Now for a few lighthearted moments I think that you might find interesting. My goal was to make a list of some of Kelsey’s favorite things by asking her one question a night. Some nights, it just didn’t work out to talk about them. The following are the answers to seven of those questions.
Things that are Kelsey’s Favorites
1. Christmas present – her iPod
2. Movie- (series) – Lord of the Rings
3. Colors – green & blue
4. Food – ribs, chicken, broccoli
5. Holiday- Christmas & Easter (Easter ended up winning out)
6. Her favorite thing with her dad – Trading backrubs (they had a deal worked out to give equal times)
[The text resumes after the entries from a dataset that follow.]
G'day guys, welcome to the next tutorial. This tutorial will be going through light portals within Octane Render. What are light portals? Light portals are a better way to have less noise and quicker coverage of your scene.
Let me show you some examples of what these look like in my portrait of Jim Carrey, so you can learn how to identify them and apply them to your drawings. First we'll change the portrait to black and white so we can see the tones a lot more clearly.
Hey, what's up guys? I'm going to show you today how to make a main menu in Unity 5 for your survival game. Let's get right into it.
7. Favorite pet – her dog, Midnight
The last thing I’ll share is because I just happened to take a picture and maybe you’d like to see her smile on more time. I apologize for the quality of the pictures, but it was dark and taken from my phone.
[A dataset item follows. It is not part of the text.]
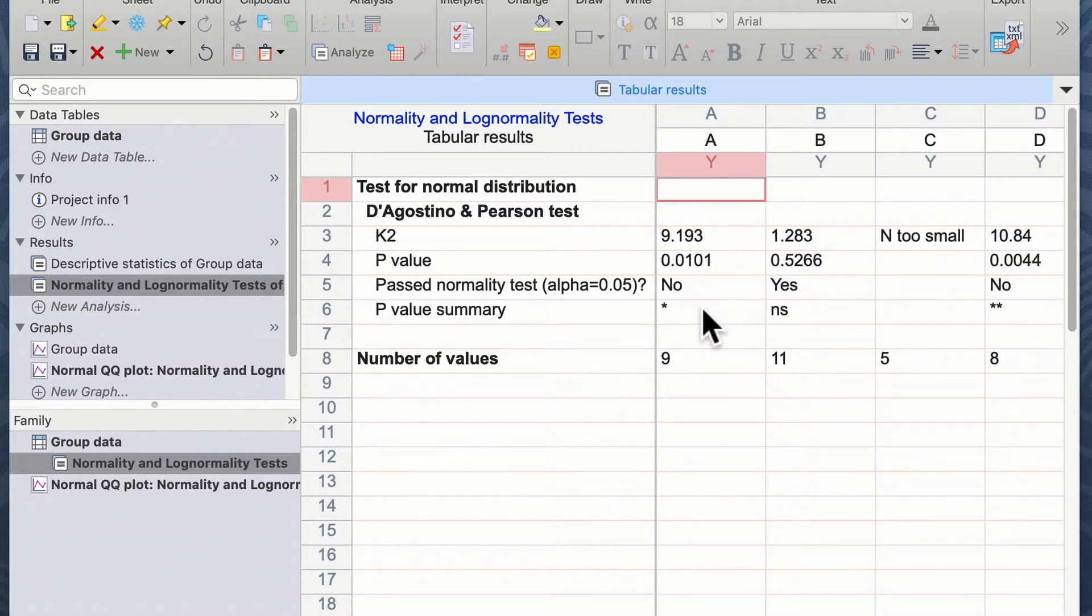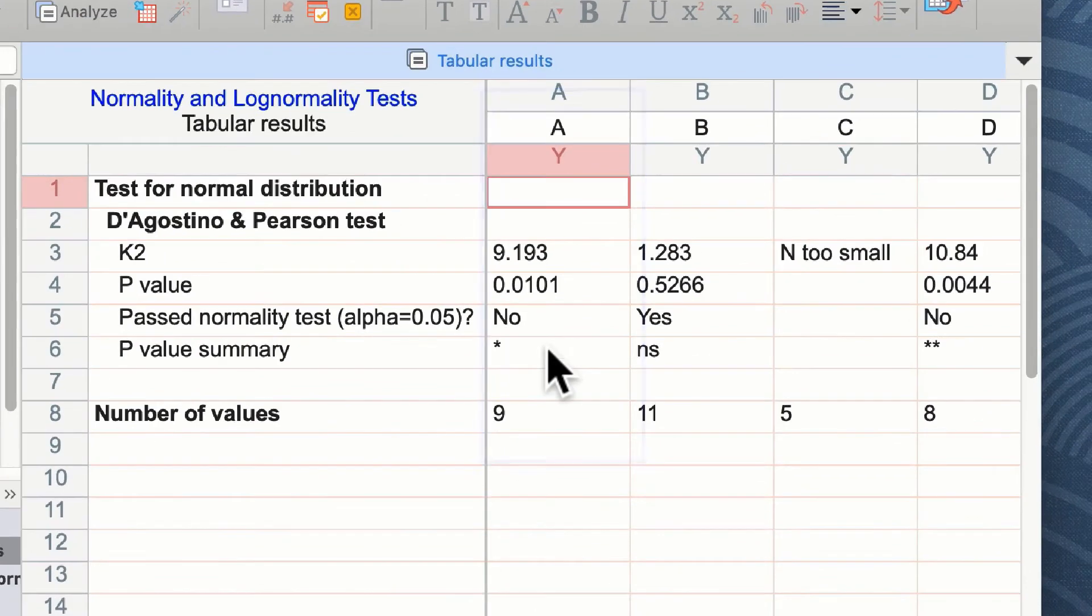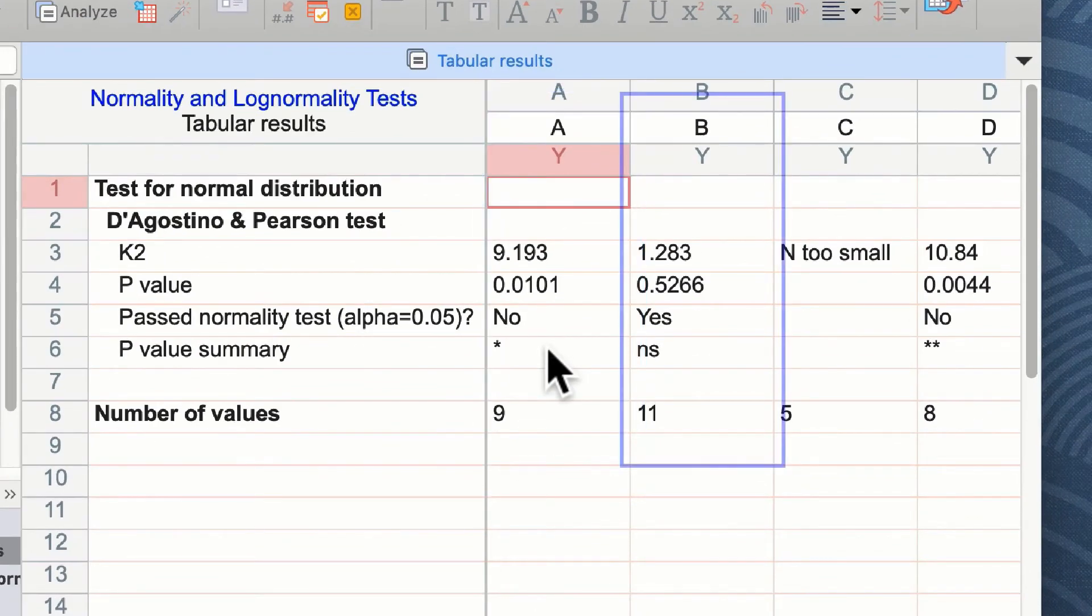It's interesting to see here that group A has failed normality test. You can see that group B has passed a normality test.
After noticing that beautiful smile of hers……….. take a look at her socks. The previous night Kelsey woke up and was awake for a while. The only thing good on at the time was QVC. (I hear laughter in the audience!) Anyway, the ladies were modeling some knee high socks of assorted colors and design. Kelsey commented on how she really liked the black ones with multi-colored dots. Oddly enough just that morning I had gone into the gift-shop and had seen these really awesome socks. They had several varieties, but I noticed these black ones with multi-colored dots!!! So of course the following morning I had to go get them for her. She really liked those socks. : )
Written by Kelly Beeson
February 7, 2011
Monday, February 7, 2011
Day 6
Love,
Mom
Friday, February 4, 2011
Day 92
Love,
Mom
Thursday, February 3, 2011
We said so long on groundhogs day. That's sorta like a hamster isn't it. Anyway, our grief is real. It is hard to comprehend a life here on earth without my Sweet Pea. And it will be hard for sure to count to 7 and not 8 when we do the head count in the van. There are real things, real plans I so wanted to see happen. A dad always thinks of the moment when he walks down the isle, presenting his lovely daughter to be married and gaining yet another family member as they join in the new mix. There were some pretty special events yet to be covered in Kelsey's earthly life. The regret of never having those things is painful. But I am such a pig anyway. I have always gotten so much more out of life then any man deserves. And I will be comforted with the wonderful memories of a perfect beautiful life changing daughter. Kelsey was / is the perfect daughter. I can't wait to catch up just a short time from now when we meet with my Jesus.
So many of you need to be commended during this dance for the beautiful Christian character you have display as you carried our umbrella while our hands were full, guiding us lovingly around deep puddles, and offering us such kind shelters in this storm. I will never have enough thank yous to go around. One can only hope our joy can be made complete by our eternal bond we will share. And if you are reading this and don't know of that bond, please consider the weather man (Jesus)! For without Him, I would be so lost right now, but with Him, I have Joy, Hope , safety, security , and a future of praise. Tammy and I love you all and truly can't wait to hug you all around the neck. I know for some of you that will be soon, but for others, that hug may be in heaven. But a hugging we will go!!!!!!